Blog
01/09/25 - Summer's Over, and Here Comes Autumn
With the start of the new month, I've been very relaxed recently and I'm letting the August in my mind go.
I think I'll stop trying to meet new people and instead focus on the people who I actually know instead of strangers, just to arbitrarily improve conversational skills that will come as I live life. That and also that I am in severe aura debt from all awkward interactions I've had.
I'm not liking the vibe of the blog posts from last month and I blame it mostly on having just far too much free-time. All I do all day is think and my thoughts are melting into one thoughtless blob that churns out thoughts as excess. I’ve never been here before. No school to anchor myself on, not even an arbitrary education goal. I can't even make the most out of this free time by relaxing, everyday that passes and I’m not working or frantically looking for a job drags on me. When I finished my final exam, I thought I would enter vacation mode and spend my time relaxing maybe even too much, instead I'm on unemployed mode, and I'm woefully unequipped and now I'm trying too hard to make up for it.

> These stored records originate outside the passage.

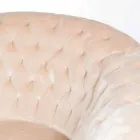 كرسي بذراعين كلاسيكي من الفرو الصناعي من Balma capitonnè Viadurini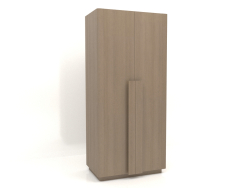 Kleiderschrank MW 04 Holz (Option 3, 1000x650x2200, Holzgrau)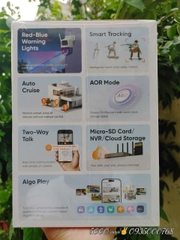 2 Mắt Camera 10MP IMOU S7XeP Pro 5MP + 5MP, LED xanh đỏ (Camera Wi-Fi Cruiser Dual 2 | Outdoor | FullColor | Có đèn báo động xanh đỏ giống Công An)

Another thing for the new month is that I've been articulating too much of my thoughts to compensate for years of having no online presence and its making me uncomfortable, especially because I feel like its feeding into the negativity. I won’t delete any posts because I do think its worthwhile to have them exist and the good thing with posting so much is that the all the tiny grains of sand get lost in the desert.
It isn't even that I'm talking about my feelings or how I feel, its that all I ever talk about nowadays are my problems, what ails me, what makes me feel bad, its all just venting and I'm getting sick of it. I'm sick of constantly repeating things, regurgitating woes I've written about before, I haven't talked about the things I enjoy in a long time and I miss that.
There was a user here on neocities by the name of labyrinth-limbo whose page I used to admire for just how open and honest their blog could be, but I think I just don't have the stones for it. I post at night because that means I can go to sleep and wake up in anxious anticipation, both hoping that somebody has read it and that nobody has read it. Maybe one day I'll be more comfortable though.